Open Dimava opened 2 years ago

Dimava commented 2 years ago

Unlike most of other image formats which can not be compressed further, QOI can be considerably compressed with general compression algorithms Unlike other image formats which will generate highly binary different files for partially same images, QOI generates alike files, alloving to compress variant sets with insane compression (I've got 11MB .qoi.7z out of 4x 12MB pngs)

Variant set: A CG set depicting only a single scenery from a static perspective. (they often have 50-90% of same pixels)

Please write the information about high compression rates for both single images and image sets in the readmes

AngusJohnson commented 2 years ago

Yes, I think this point could easily be missed.

In my testing, combining QOI with ZLib compression (QOZ) produces file sizes significantly smaller (roughly 10-25%) than when using PNG format. Of course this gives up most (but not all) of QOI's speed advantages, but QOZ still retains a significant (2-5 times) speed advantage when compressing.

oscardssmith commented 2 years ago

note that zlib is no longer a good choice for compression. QOI+ZSTD or QOI+LZ4 are going to give much better compression vs speed tradeoffs.

AngusJohnson commented 2 years ago

I chose ZLib because its libraries are so widely available and for simplicity of adoption.

oscardssmith commented 2 years ago

To me, that feels like a weird argument for an image format that's less than 2 months old.

magnus-ISU commented 2 years ago

I agree with @oscardssmith . Limiting recommendations for backwards compatibility when no existing support exists makes no sense

apankrat commented 2 years ago

Just a random thought - does re-compressing QOI with QOI yield anything interesting?

oscardssmith commented 2 years ago

no. QOI is very specifically designed for 3 or 4 channel images. The result after QOI compression isn't that.

apankrat commented 2 years ago

no. QOI is very specifically designed for 3 or 4 channel images. The result after QOI compression isn't that.

Yeah, sure, I know that. It's just sometimes compression with one algorithm creates certain patterns that can be further compressed with another. bzip2-compressed mysql dumps can be compressed further 10% by gzip, even though the latter is "less sophisticated". This sort of thing.

So for a new compression algorithm it's worth checking if applying it recursively may show some interesting results. It's exceedingly rare, but when it happens it's spectacular.
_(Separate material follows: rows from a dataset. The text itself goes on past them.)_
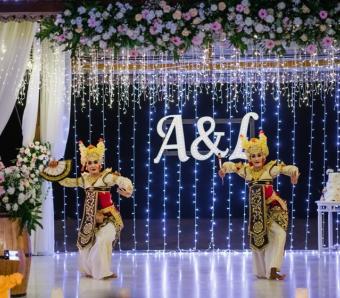 Andre lulu wedding 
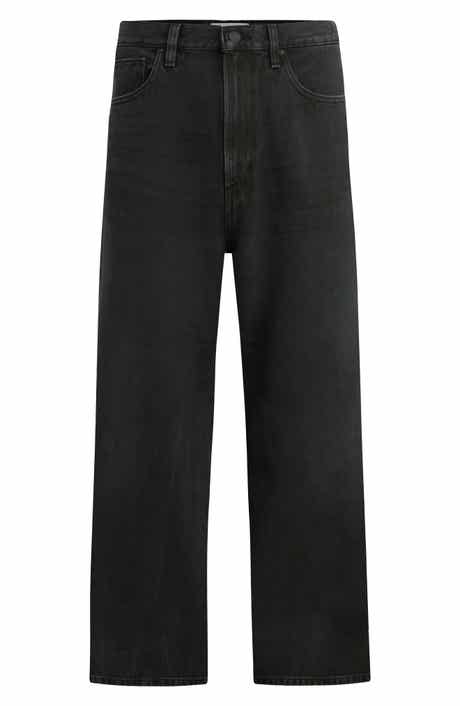 Hudson Jeans Luca Wide Leg Cotton Jeans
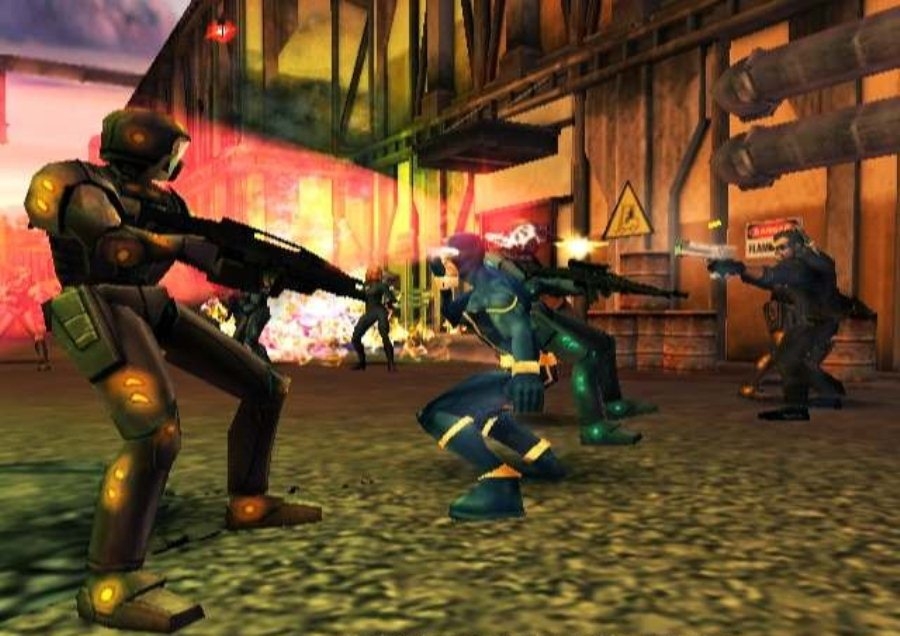 Скриншот из игры Marvel Ultimate Alliance 2: Fusion под номером 44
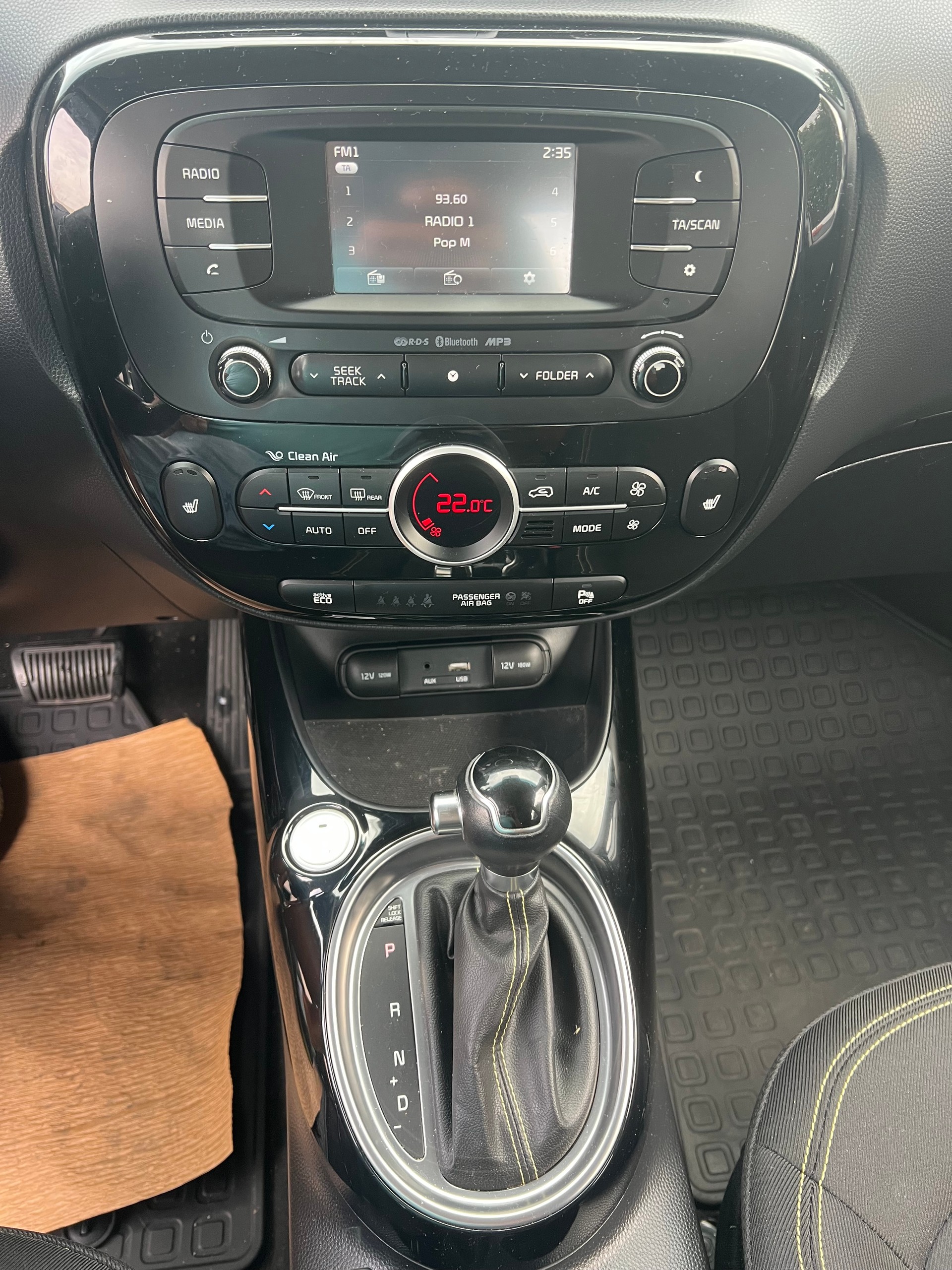 KIA Soul 1.6 GDI Trend Automatic-image-9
I did a quick test just now and QOI can't compress further its own output. 400 x 400 photo crop went from 468K to 204K to 269K. So it's a no.

magnus-ISU commented 2 years ago

I mean, that's completely unsurprising though. Why would variable-length data chunks of QOI be able to be compressed by opcodes which describe difference-in-RGB movements? lol

chocolate42 commented 2 years ago

I chose ZLib because its libraries are so widely available and for simplicity of adoption.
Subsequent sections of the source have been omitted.